TASK GOAL:
Restate the listing below word for word; no pictures belong in the copy.

[SOURCE DATA — start]

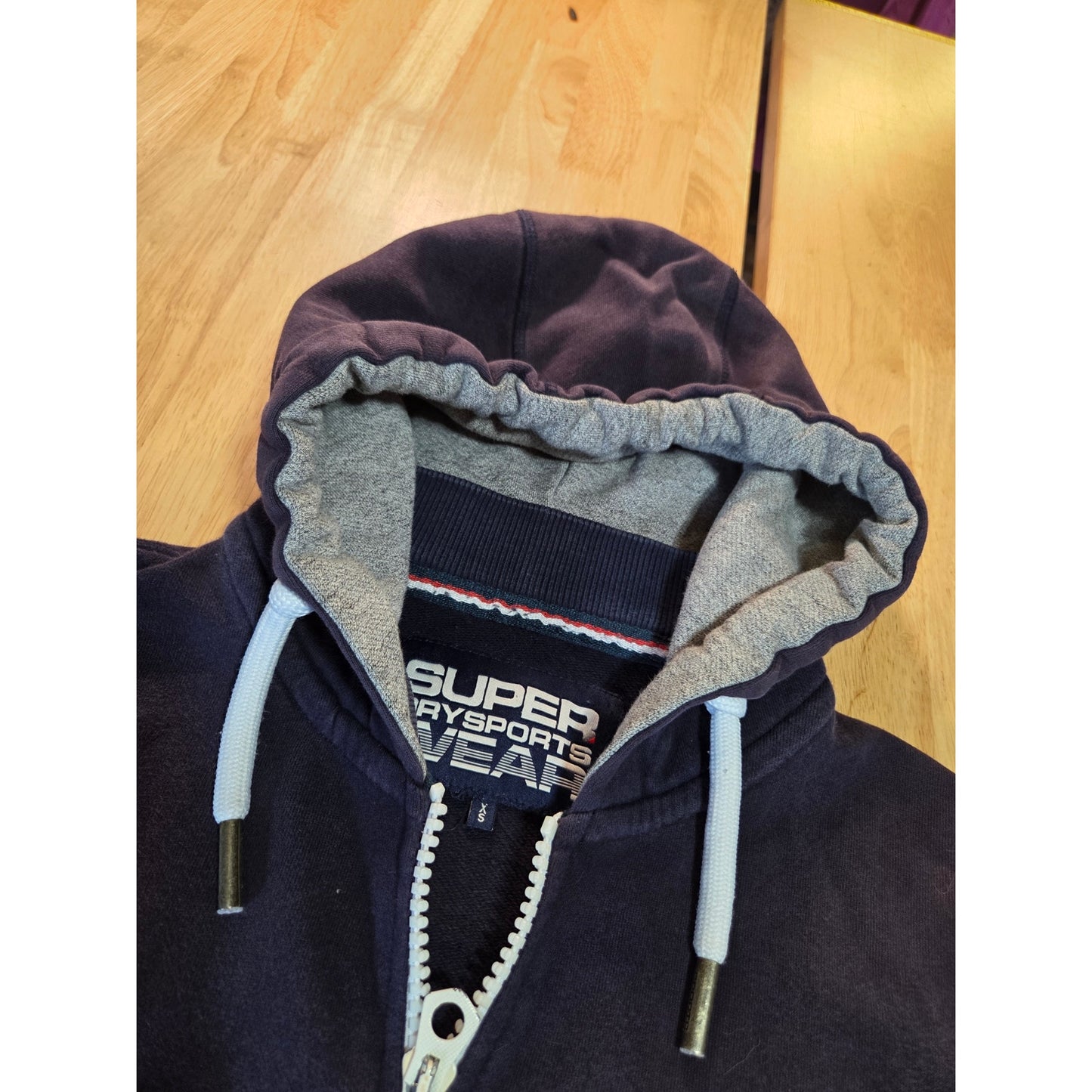 Supreme hoodie navy blue white graphic contrast sleeve zip hoodie cotton xs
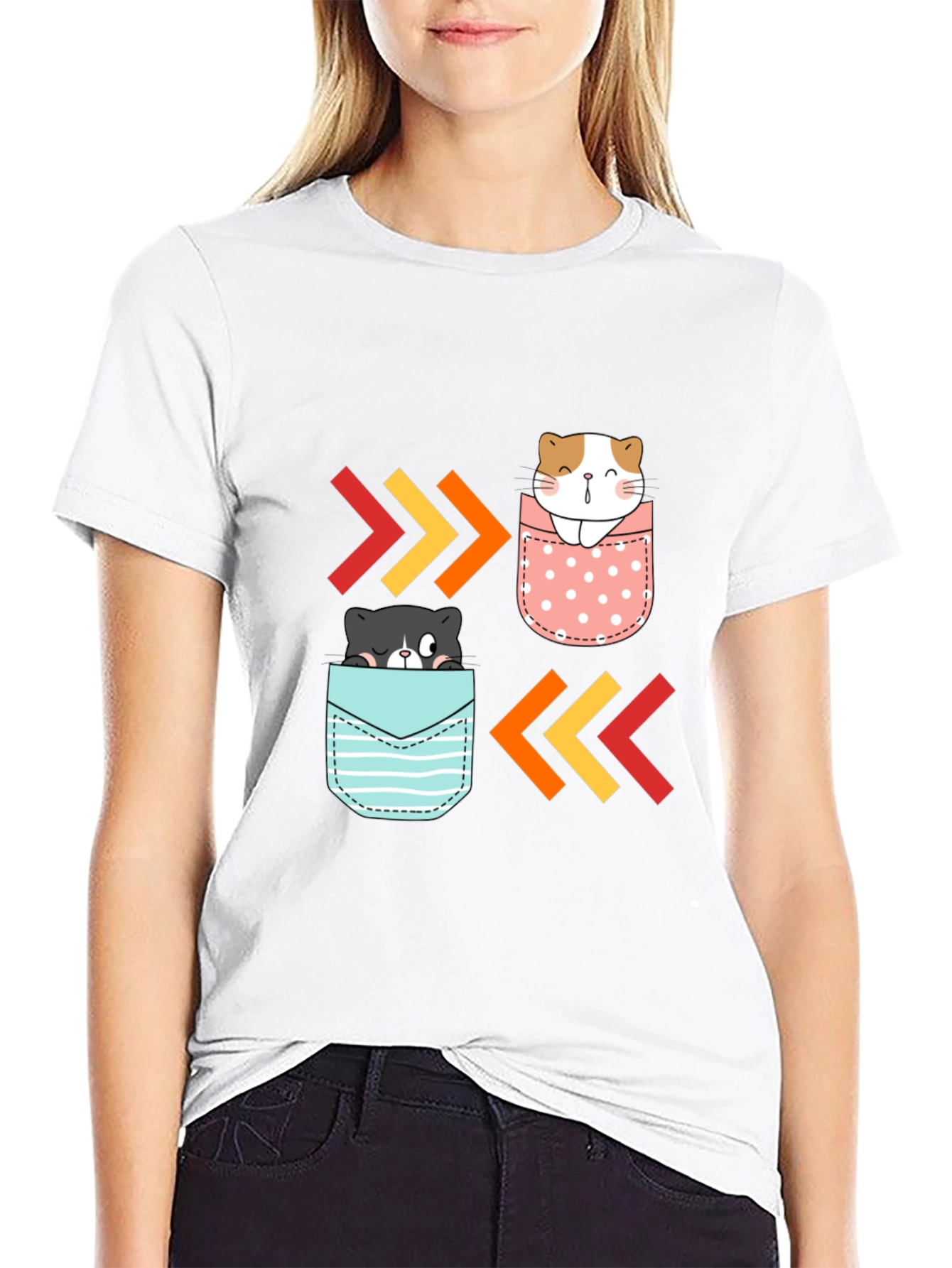 Cute Cats in Pockets Graphic T-Shirt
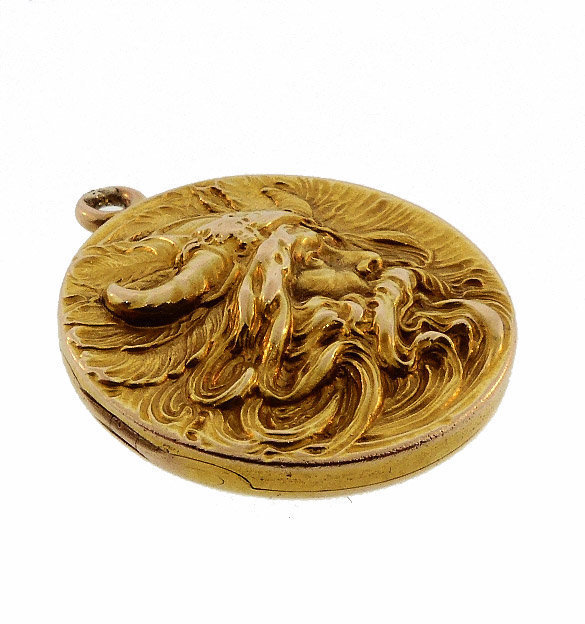 Art Nouveau 14K Gold Viking Norse Mythology Locket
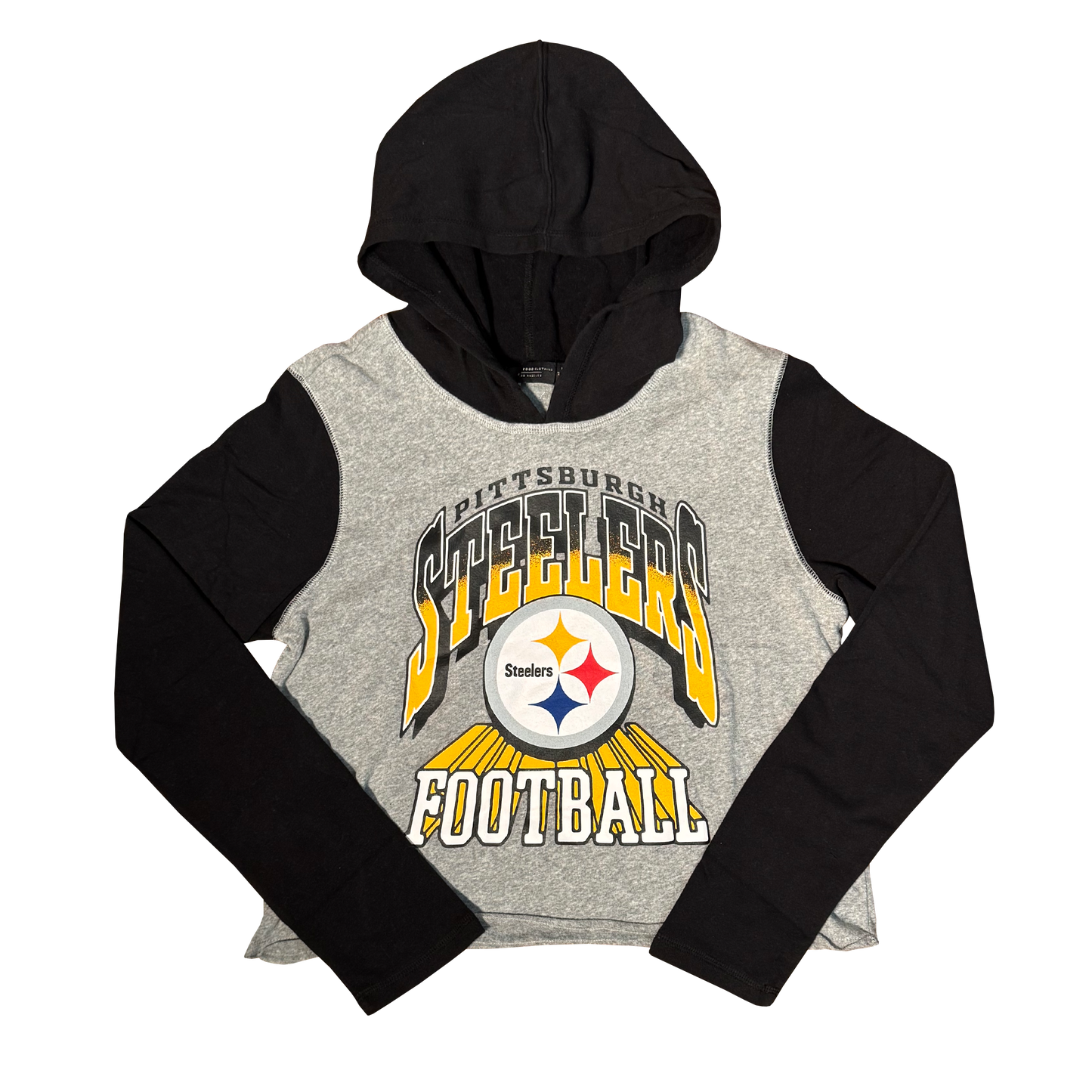 Women's NFL Pittsburgh Steelers Block Crop Hoodie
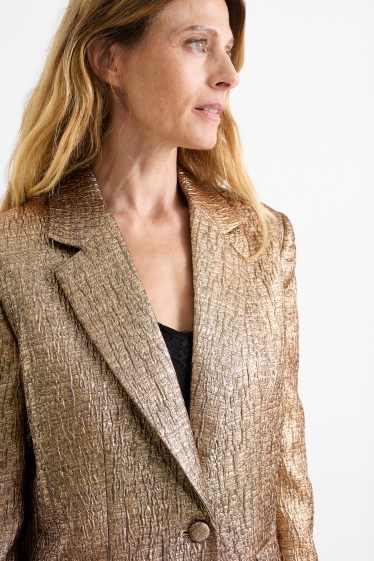 Women - Long blazer - relaxed fit - shiny - bronze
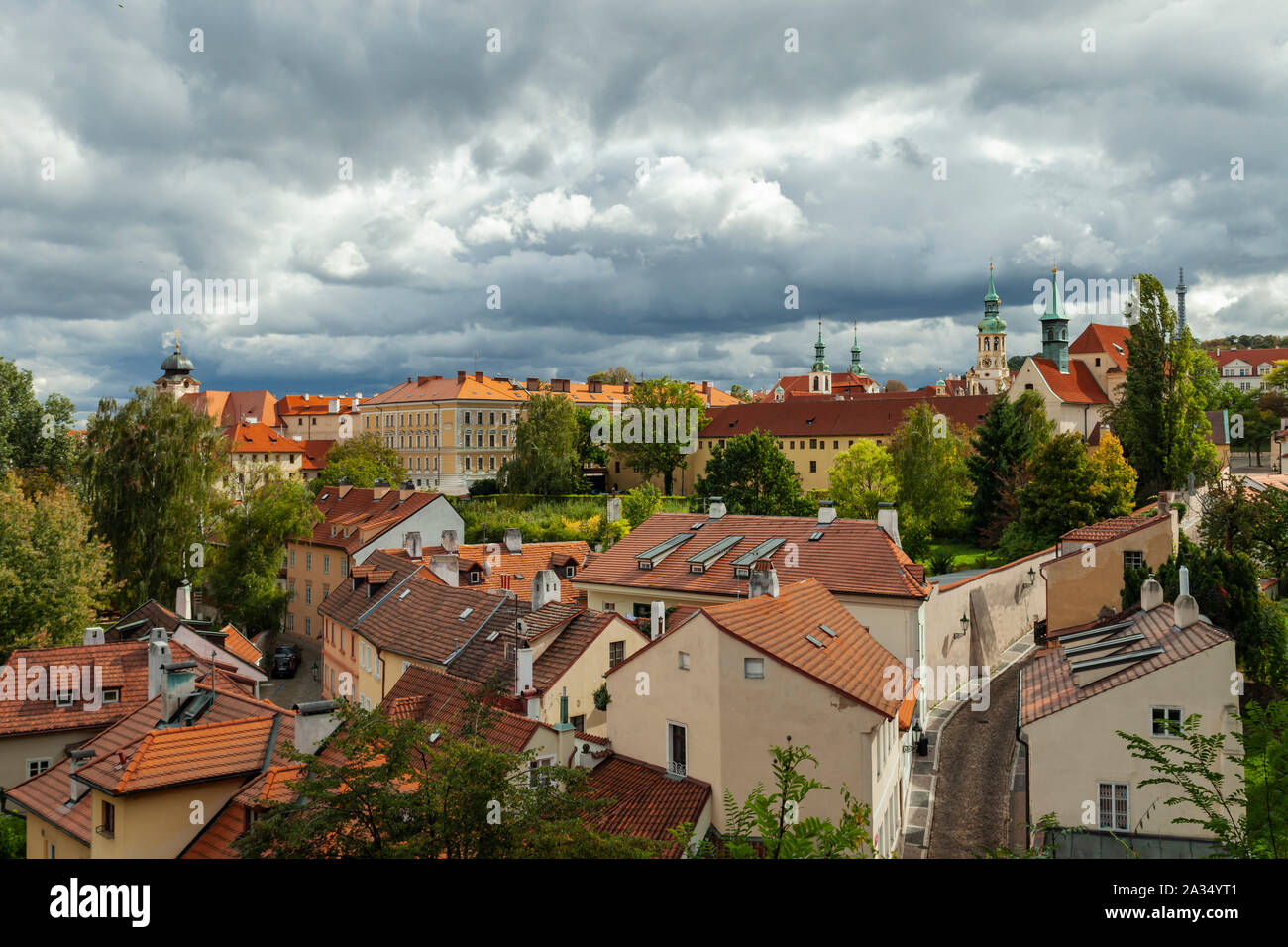Herbstnachmittag am Hradschin, Prag, Tschechische Republik. Stockfoto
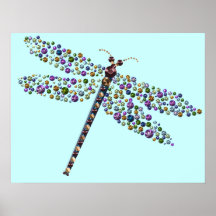 Pointilist Dragon Fly Poster
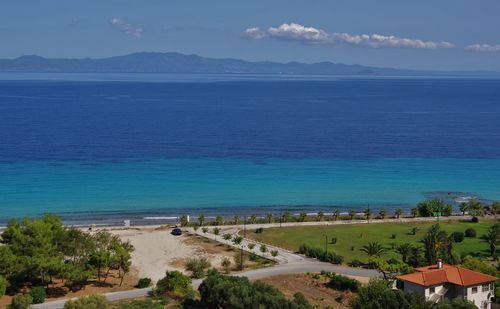 High angle view of beach against sky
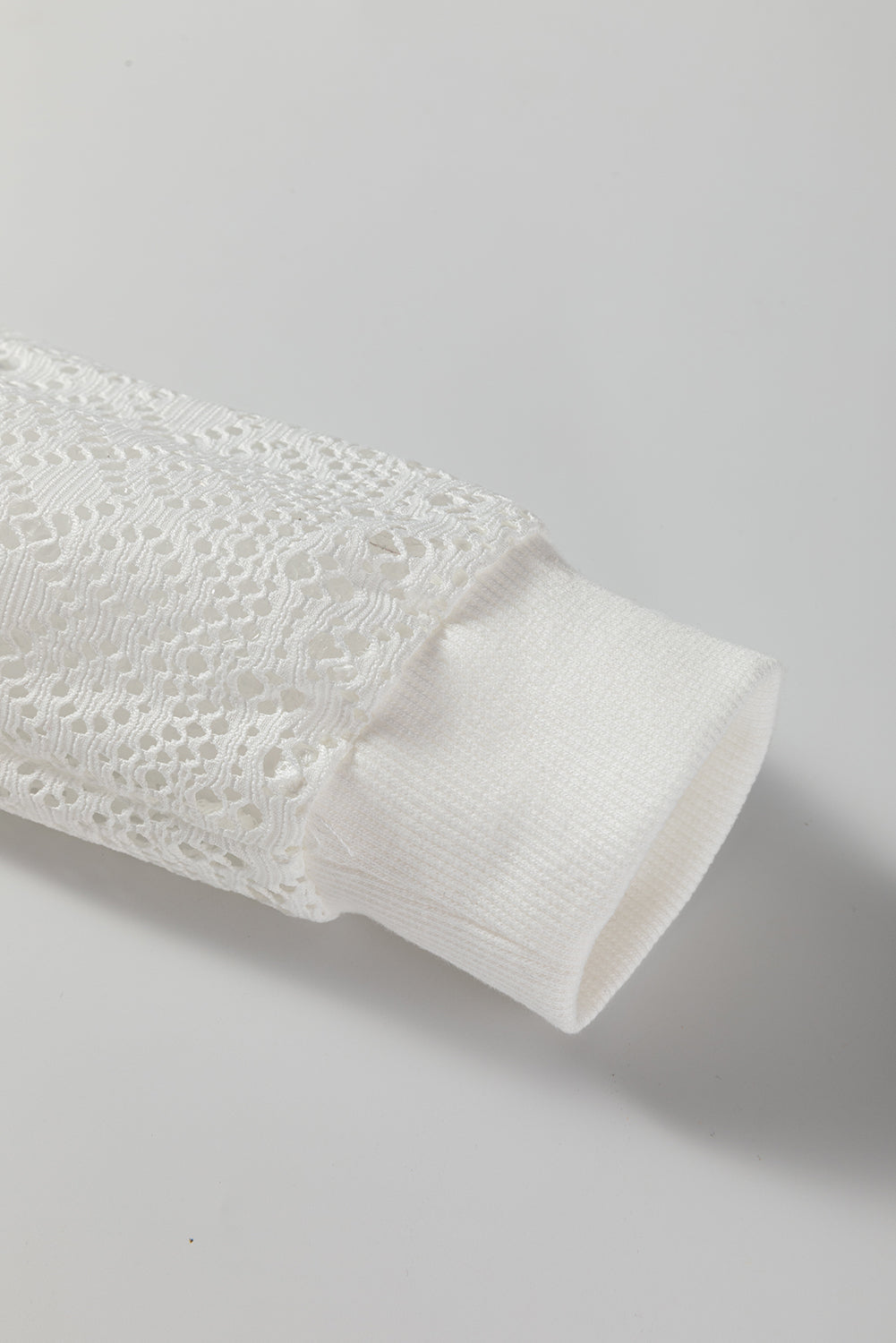 Black Stripe Textured Knit Contrast Hollowed Lace Patchwork Long Sleeve Top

[SOURCE DATA — finish]

EXPECTED ANSWER:
 Supreme hoodie navy blue white graphic contrast sleeve zip hoodie cotton xs
 Cute Cats in Pockets Graphic T-Shirt
 Art Nouveau 14K Gold Viking Norse Mythology Locket
 Women's NFL Pittsburgh Steelers Block Crop Hoodie
 Women - Long blazer - relaxed fit - shiny - bronze
Herbstnachmittag am Hradschin, Prag, Tschechische Republik. Stockfoto
 Pointilist Dragon Fly Poster
 High angle view of beach against sky
 Black Stripe Textured Knit Contrast Hollowed Lace Patchwork Long Sleeve Top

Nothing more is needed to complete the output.